What Net Carbs Really Mean on Food Labels
Many low-carb foods are marketed as having “zero net carbs,” but a closer look at the label reveals that most of the “canceled” carbs come from dietary fiber or sugar alcohols . What does this magic mean for calorie and carbohydrate counters? Not as much as you would like the marketing to believe.
Fast primer for fiber and sugar alcohols
Most foods, especially in America, combine all carbohydrates – sugar, sugar alcohol, and fiber – into total carbohydrates. So how do they differ from each other?
Fiber has a number of health benefits , including, but not limited to,improving blood sugar control , helping with excretion of feces , facilitating weight loss due to impaired absorption of carbohydrates, proteins and fats in nutrients , and lowering blood cholesterol. On the other hand, sugar alcohols are sugar molecules chemically treated with hydrogen molecules. While they are an excellent sugar substitute, mostly for diabetics, eating too many of them (over 10 grams) can make your teeth angry or worse, diarrhea.
In case you’re wondering, sugar alcohols do occur naturally, but not in the huge amounts you would find in sugar-free foods; you’ve probably heard of a few such as xylitol, sorbitol, erythritol and many other names ending in -tol. They mimic the sweetness of table sugar, but are usually lower in calories than real sugar.
Despite much controversy on the Internet, there are calories in fiber, depending on the fiber classification. Most sources would say fiber contains “negative calories” because the body lacks enough digestive enzymes to break them down into usable energy, but bacteria in the colon can convert some fiber into available energy (in the form of short-chain fatty acids ). By putting the calories anywhere between 1.5-2.5 calories per gram, depending on the type, there is simply no consensus on this. Meanwhile, the calorie content of sugar alcohol ranges from 1.5 to 3 calories per gram, also depending on the type of sugar alcohol.
So, neither fiber nor sugar alcohol are really high-calorie foods. However, in daily real amounts, the calories from any of them are so low that they are not worth worrying about. We’ve already written about “free food” that you can eat in reasonable amounts without requiring close monitoring of your food intake if you do. But you shouldn’t completely ignore them, thinking that calories just disappear into the ether (although some of them may well disappear in your feces if you eat a lot of fiber).
So what is net carbohydrate?
Net carbs are determined from total carbs minus dietary fiber and sugar alcohols. Net carbohydrates are also known by other names: “effective” carbohydrates or “effective” carbohydrates. Currently, the FDA has not yet developed any firm guidelines for low-carb foods so that a manufacturer can legally declare their foods are indeed low-carb.
In other words, manufacturers can say whatever they want, except that they explicitly state that the product is low-carb.
This labeling of effective carbohydrates makes some sense for diabetics, as they must control their carbohydrate intake – particularly refined sugar, which rapidly raises blood sugar – for health reasons. Typically, diabetics must differentiate between the types of carbohydrates in their food to determine how much total carbohydrates will actually affect their blood sugar levels.

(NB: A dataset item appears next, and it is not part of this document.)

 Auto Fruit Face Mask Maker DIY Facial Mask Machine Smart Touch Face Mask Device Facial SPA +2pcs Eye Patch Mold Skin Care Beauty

Fiber and sugar alcohols interact differently in the body. In particular, most sugar alcohols are not (completely) digested or absorbed in the same way as sugar or starchy carbohydrates, and therefore have comparatively less – but still present – effects on blood sugar levels.
Fiber is special because it has a positive effect on blood glucose through a combination of several things: First, it blocks the absorption of carbohydrates (and other nutrients, including protein and fat) to some extent, which ultimately lowers total calories. absorbed by the body if fiber is eaten in large quantities; second, it delays gastric emptying, which is a fancy way of saying that food leaves your stomach more slowly. When this happens, you avoid the spikes in blood glucose levels that usually occur when you eat something that you digest quickly, like Kit-Kat.
Marketing trap
In the midst of this low-carb weight loss craze, you will see a variety of foods, usually high in carbohydrates, such as breads or tortillas, which contain “only such and such net carbs.” The mention of net carbs is the fact that food manufacturers don’t actually treat fiber and sugar alcohols as true carbs due to their aforementioned less significant effects on blood sugar. Hence, in some cases, you may even see “zero net carbs”.
It has a very sour brine. For diabetics, labeling can be misleading because they should not completely exclude all sugar alcohols from the total carbohydrate intake. Nutritionists recommend that sugar alcohol be considered half of the total carbohydrate content of food. For example, if your food contains 18 grams of sugar alcohols, it is recommended that you count 9 grams as effective carbohydrates.
Another problem here is similar to the phenomenon we saw during the low fat and low fat craze back in the 90s : people might think they could completely ignore other carbs and overeat because of the halo effect of those foods – if they seem healthier. , there is more – that’s okay!